▸ **Image-caption web data**
---

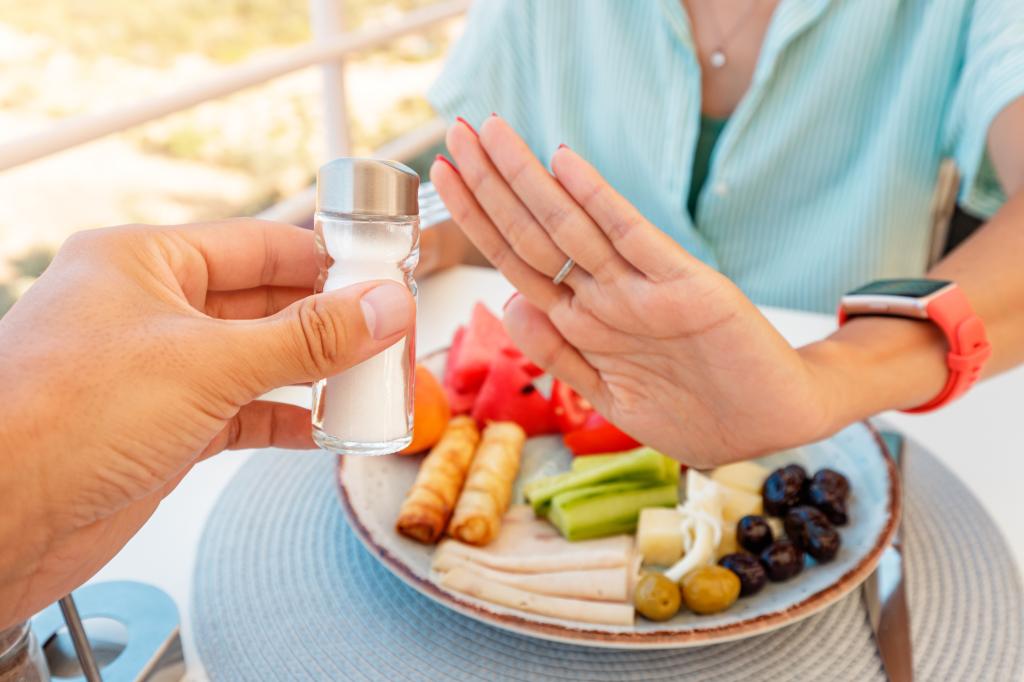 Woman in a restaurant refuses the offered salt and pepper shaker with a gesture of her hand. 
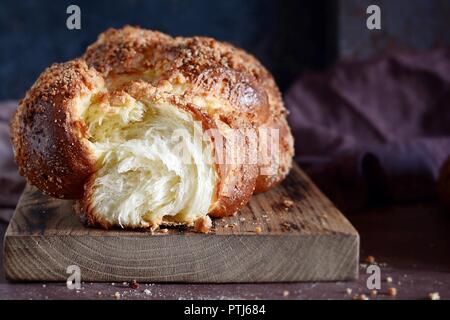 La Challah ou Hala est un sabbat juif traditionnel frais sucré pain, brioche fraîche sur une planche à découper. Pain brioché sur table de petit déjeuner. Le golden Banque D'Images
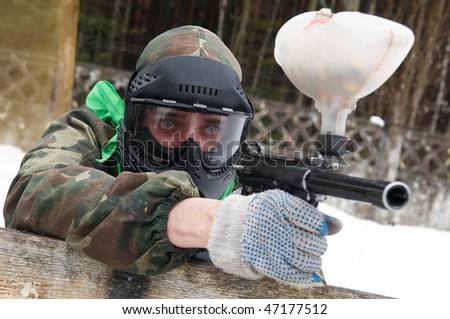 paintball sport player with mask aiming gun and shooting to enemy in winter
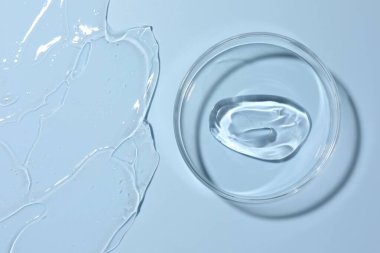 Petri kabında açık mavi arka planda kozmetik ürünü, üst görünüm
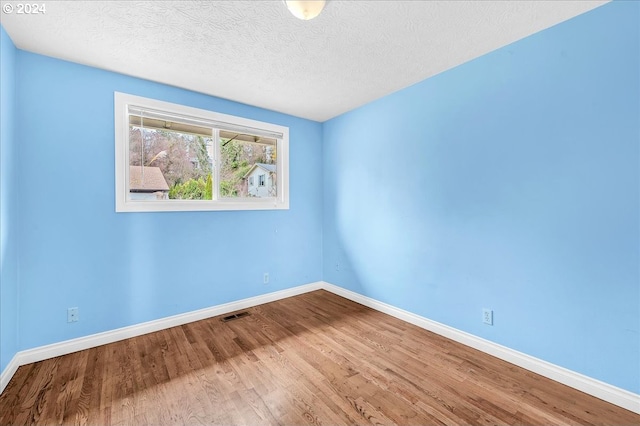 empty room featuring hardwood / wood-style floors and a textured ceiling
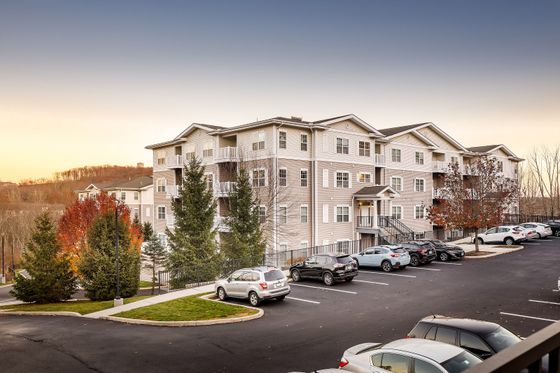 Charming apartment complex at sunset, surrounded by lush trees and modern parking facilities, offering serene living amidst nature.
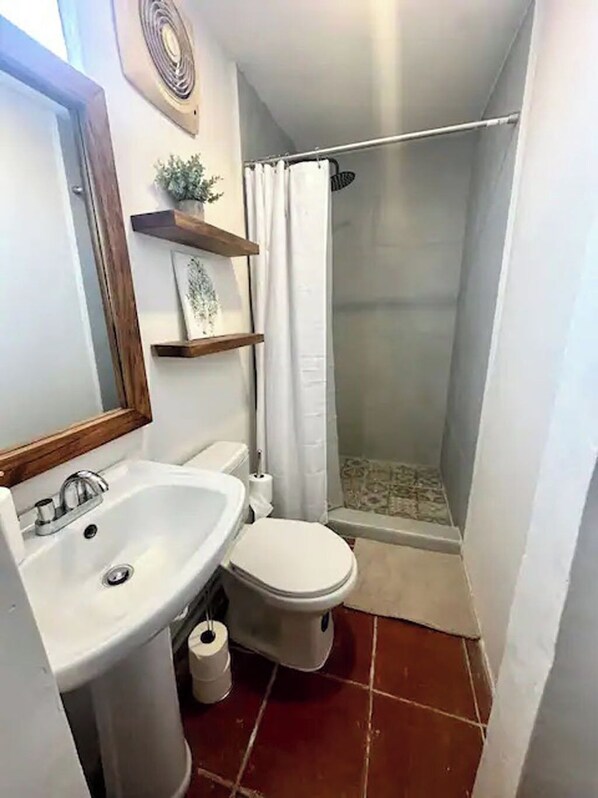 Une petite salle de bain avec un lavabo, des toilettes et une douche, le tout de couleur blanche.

---

▸ **Your goal**
Reproduce exactly, and only, the lines that begin at the one containing "empty room featuring" and end with the final line of the data, both included, while omitting every picture.

▸ **Written response**
 empty room featuring hardwood / wood-style floors and a textured ceiling
 Charming apartment complex at sunset, surrounded by lush trees and modern parking facilities, offering serene living amidst nature.
 Une petite salle de bain avec un lavabo, des toilettes et une douche, le tout de couleur blanche.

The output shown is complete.